Der Bund deutscher Baumschulen (BdB) beispielsweise fördert den Austausch von Informationen und die Schulung seiner Mitglieder in Bezug auf die vorteilhaften Eigenschaften torfreduzierter Substrate.
Diese Unterstützung könnte zunehmend wichtiger werden, da der Druck auf die Baumschulen wächst, sich an die geforderten Umweltstandards anzupassen. In Deutschland gibt es bisher keine gesetzlichen Vorschriften zur Reduzierung von Torf, was die Situation jedoch nicht einfacher macht. Die Entwicklung strikterer Regelungen könnte die Branche vor große Herausforderungen stellen, zumal viele Baumschulen traditionell auf Torf setzen.

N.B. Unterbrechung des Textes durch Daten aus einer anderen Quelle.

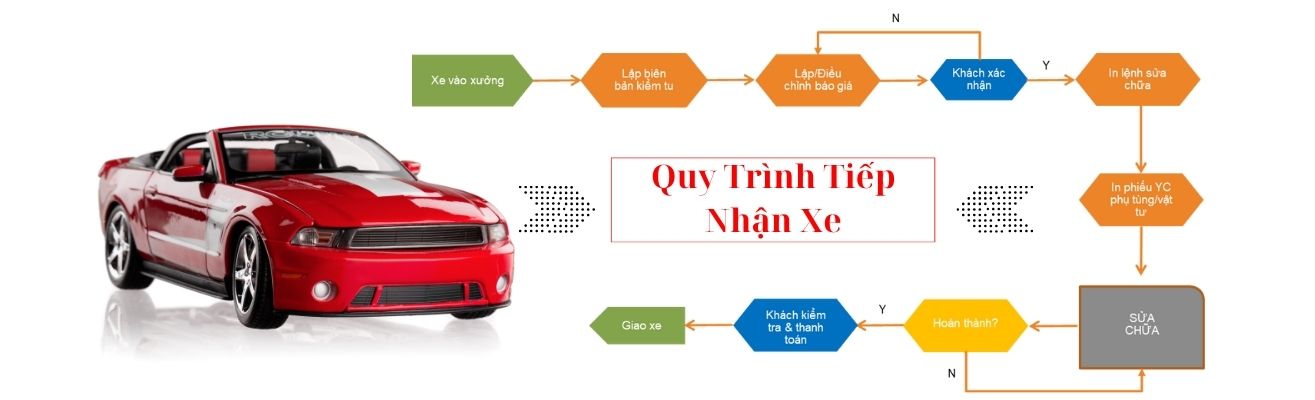 5+ Tiêu Chí Nhận Biết Trung Tâm Ô Tô Chất Lượng, Uy Tín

Aktuelle Entwicklungen und Herausforderungen
Die Baumschulen in Deutschland stehen gegenwärtig vor der Herausforderung, ihre Produktionsmethoden zu modernisieren, um die bevorstehenden gesetzlichen Anforderungen erfüllen zu können. Ein Schlüsselproblem bleibt dabei die Verfügbarkeit geeigneter Alternativen zu Torf. Aktuell gibt es nur eine begrenzte Auswahl an ökologisch nachhaltigen Substraten, die den besonderen Anforderungen in der Baumschulproduktion gerecht werden.
Darüber hinaus ist auch der Preis für torfreduzierte Substrate oft höher als für konventionelles Torfsubstrat, was die wirtschaftliche Situation vieler Baumschulen zusätzlich belastet. Laut einer Umfrage des BdB gaben 68 % der befragten Baumschulen an, dass die höheren Kosten für torfreduzierte Substrate eine große Hürde darstellen. Aus diesen Gründen sind zusätzliche Forschungs- und Entwicklungsanstrengungen erforderlich, um neue, kostengünstige, und umweltfreundliche Alternativen zu finden, die den Anforderungen der Pflanzenproduktion gerecht werden. Diese neuen Produkte sollten nicht nur die gleichen Ertragspotentiale wie Torf bieten, sondern auch die spezifischen Pflegeanforderungen der Kulturen berücksichtigen.